Every leader knows the importance of providing frequent feedback to their team.
It is crucial to provide feedback in the right way and in a timely manner. Without it, problems can explode, morale will tank and great employees will leave. Everyone suffers.
Companies that wait six to 12 months to provide feedback will never get the full benefit. Employees may not remember the situation after waiting so long. Infrequent feedback can cause employees to judge the review process to justify giving lower than expected raises.
Tactical feedback is at the core of a high performing team.
It is timely, brief and immediately corrects bad or undesired behavior. Do it in a way that leaves the employee empowered and motivated to do a better job. It is not aggressive towards the employee except to immediately illuminate the reasons why they must change their behavior. There is never a reason to yell at an employee.
Give them specific milestones to be met as well as resources, training and mentors to make performance happen. It enables employees to grow faster, problems to be quickly resolved, unprofessional behaviors drummed out and results to be achieved.
The art of tactful feedback centers on striving for continual growth.
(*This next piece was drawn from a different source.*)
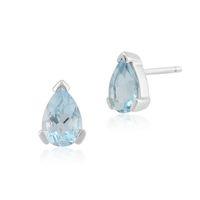 9ct White Gold 0.59ct Aquamarine Single Stone Pear Stud Earrings 6.5x4mm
Few things are more frustrating than an employee who does not show improvement after an exhaustive effort or one who refuses to change. The temptation to get angry and “tear into” the person is hard to resist. Any words said in anger will not only backfire with the individual but the entire team. Making up for it will be an exhausting experience. Don’t do it!
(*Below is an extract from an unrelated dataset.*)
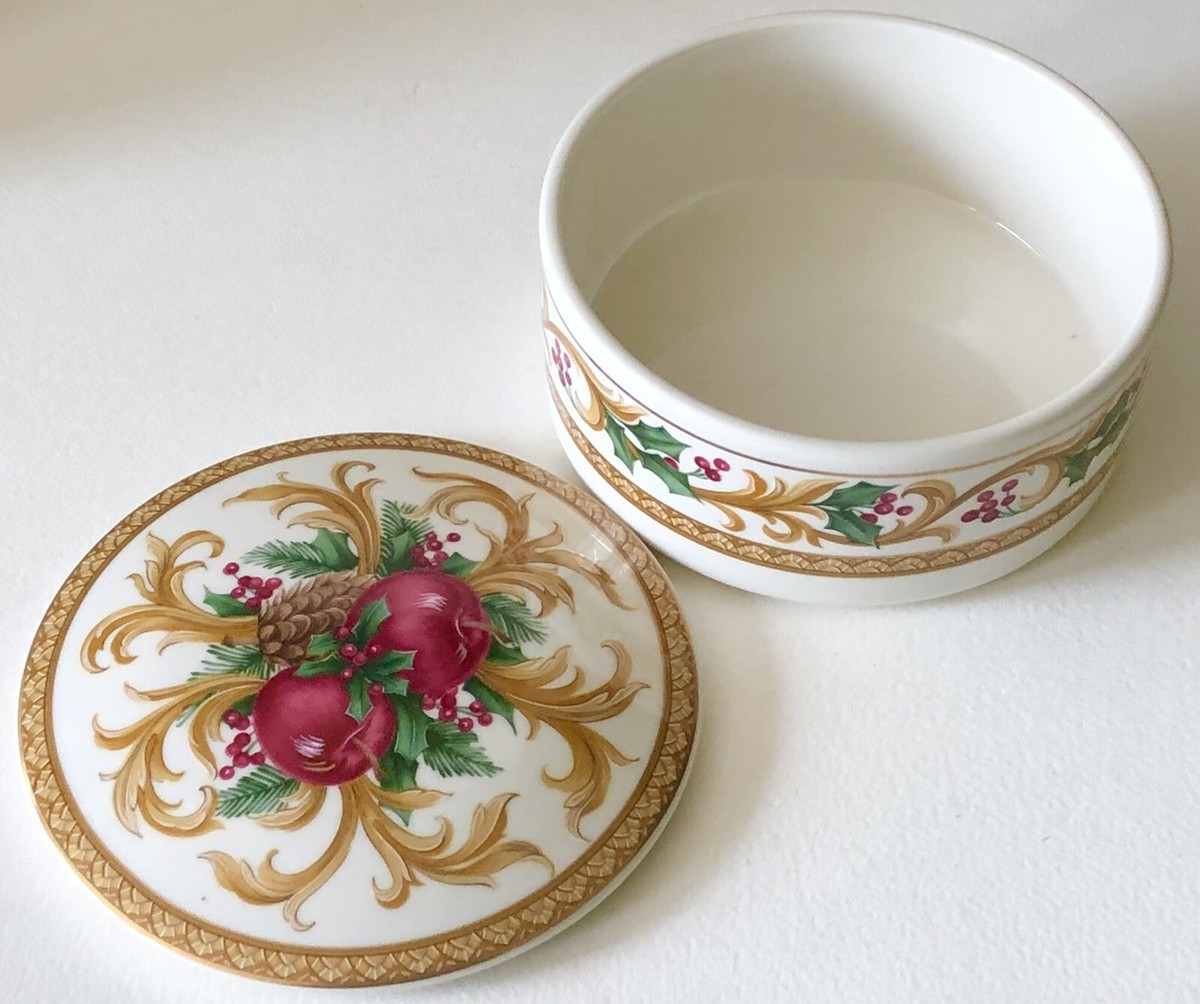 Mikasa Holiday Orchard Covered Candy Dish Trinket Box Christmas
The value of tactful feedback is improving the relationships between team members as well as the boss and the team. Seek to understand the other person’s perspective without judging them. The goal is to build better relationships and better serve the customer by being more empathetic. More empathetic team members are more likely to help someone rather than stand by. Empathy increases the employee’s value to the team. Tactful feedback removes barriers and provides a path to success.
What is the best approach?
Use of the sandwich technique where the area in need of improvement is preceded immediately before and after by positive reinforcement. The method cushions any blow potentially stemming from the discussion. Avoid giving feedback in public. Give feedback in a private setting and make sure it occurs with a minimum number of bystanders. Wise leaders are never alone with a member of the opposite sex.